==== RAW DATA

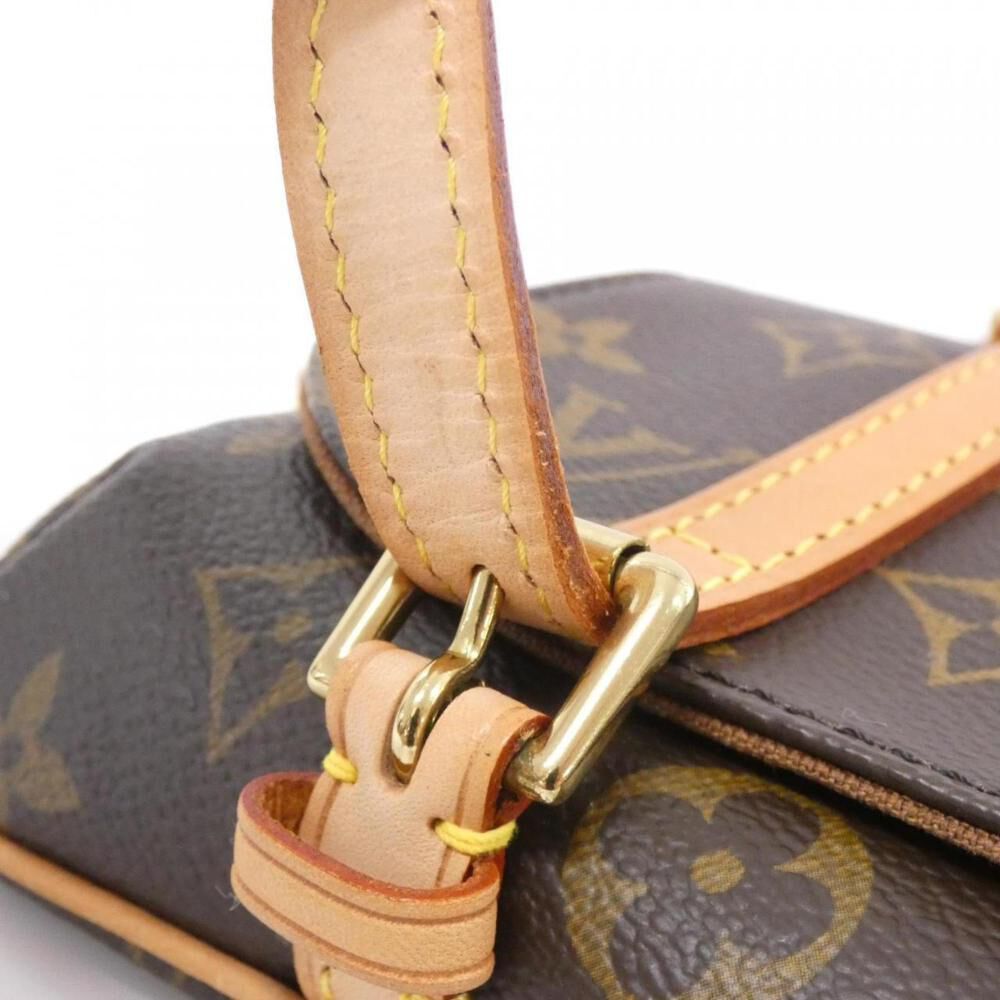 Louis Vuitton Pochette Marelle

========
==== RAW DATA

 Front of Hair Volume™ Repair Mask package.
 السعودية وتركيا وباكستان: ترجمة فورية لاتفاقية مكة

========
==== RAW DATA

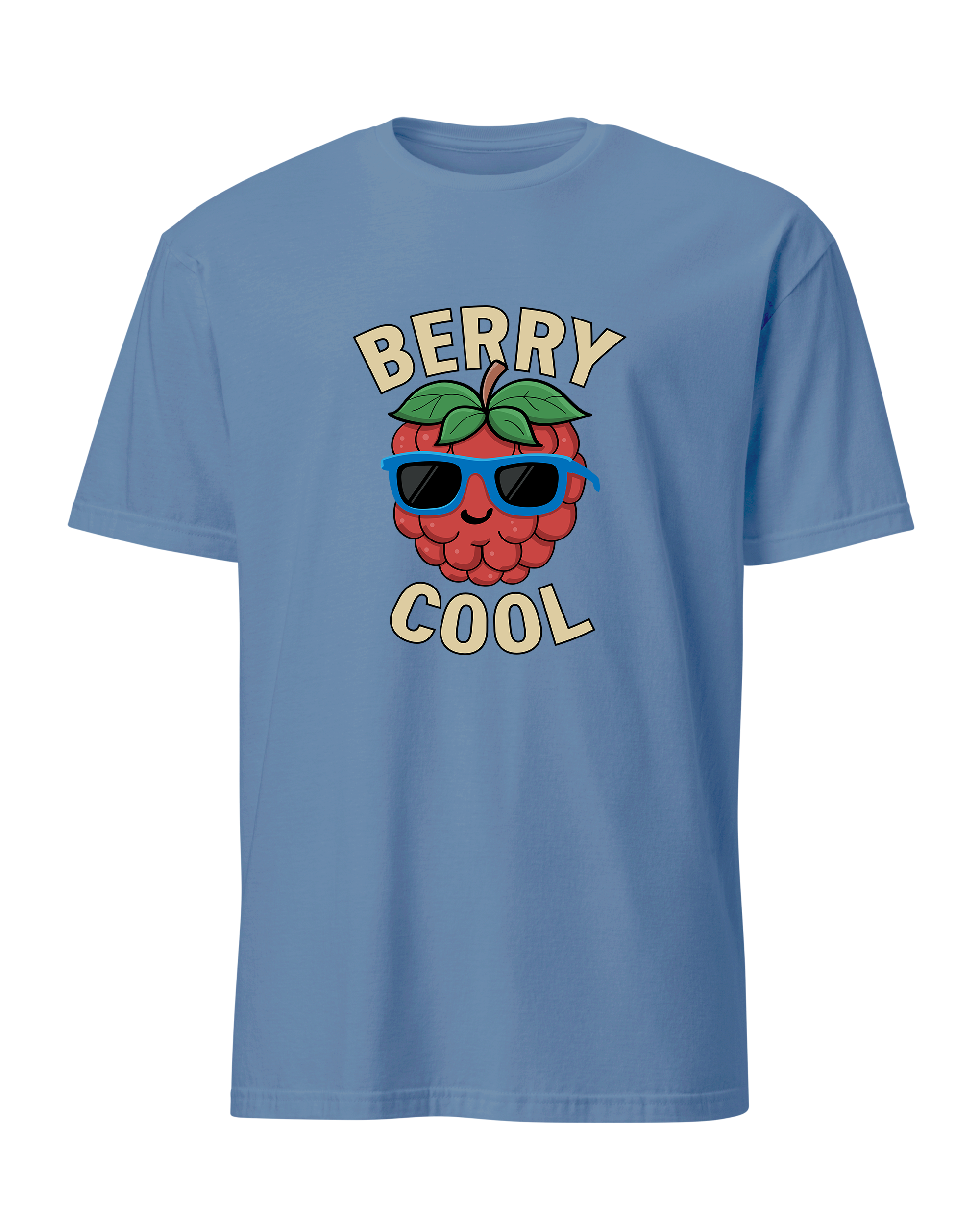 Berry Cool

========

• WHAT IS BEING ASKED: In the listing above, find the line with "Front of Hair Volume™ Repair Mask package." and the line with "السعودية وتركيا وباكستان: ترجمة", then reproduce both and every line between them exactly.

• ANSWER:
 Front of Hair Volume™ Repair Mask package.
 السعودية وتركيا وباكستان: ترجمة فورية لاتفاقية مكة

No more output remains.